Already in the 2nd century AD, Ptolemy used the westernmost land known to him as the reference meridian, thanks to which the geographical coordinates of all points on the known world at that time were eastern and positive according to the accepted convention. From the 16th century, the Spanish island of El Hierro, known as the Meridian Island, located off the west coast of Africa, was taken as the point through which the prime meridian runs. It has been used as a reference for drawing maps and making geographic calculations, especially by sailors and geographers outside of Great Britain. From 1884, the obligatory prime meridian (for 100 years) was the meridian passing through the astronomical observatory in the Greenwich district of London. Due to the development of technology, in particular satellite technology, the United States Department of Defense has developed a more precise geographic grid, modeled on a more accurate model of the Earth. The project was called WGS (World Geodetic System) and in 1984 it was decided to replace the existing geographic grid with the WGS 84 grid. It was supposed to refine (but not change) the existing grid. However, meridian shifts were not avoided, including the reposition of the prime meridian, which was shifted approximately 102 meters east of its predecessor. So in 1984, the WGS 84 meridian replaced the former Greenwich Meridian. The Prime Meridian still passes through Greenwich Park, but not through the Historic Astronomical Observatory. However, the former prime meridian is still drawn in the observatory's courtyard, although it has lost its measurement significance. With its magic of dividing the globe into the eastern and western hemispheres, it attracts thousands of tourists who are completely unaware that the obligatory zero meridian is 102 meters further to the east. Currently, the WGS 84 grid is the only valid geographic grid in the world. The GPS satellite navigation system, UTC time and all maps are modeled on it. Due to the use of the WGS 84 geographic grid, the Warsaw Meridian also changed its coordinates from 21 00 '42 "(until 1984) to 21 00' 35" east longitude.

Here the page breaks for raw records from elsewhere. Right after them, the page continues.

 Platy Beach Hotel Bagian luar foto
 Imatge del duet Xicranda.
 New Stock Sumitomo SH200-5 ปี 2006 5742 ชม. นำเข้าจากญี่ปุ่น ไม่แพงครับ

Globe. 2013 year. Photo by Karol Placha Hetman
Globe. 2013 year. Photo by Karol Placha Hetman

Globus (from the Latin word globus - sphere) is a reduced model of a celestial body (usually the Earth) or a celestial sphere in the form of a sphere placed on an axis set at an angle corresponding to the angle of inclination of the axis of a given body, on the surface of which there is a map of the original. The advantage of the globe is the lack of distortions that appear when mapping the image of the terrain (map) on a plane. The oldest globe in existence is Martin Behaim's globe from 1492. The oldest in Poland is the globe from around 1508, called the Jagiellonian, it is one of the first on which America was marked. A globe would be ideal for deep sea and air navigation. On it, it would be easiest to give navigators the shortest path. But such a globe would have to be large, and its use would be difficult. Therefore, the spatial arrangement (which is the globe) was transferred to two-dimensional paper. The geographic grid has become a cartographic grid, that is, a system of meridians and parallels on a plane on a map.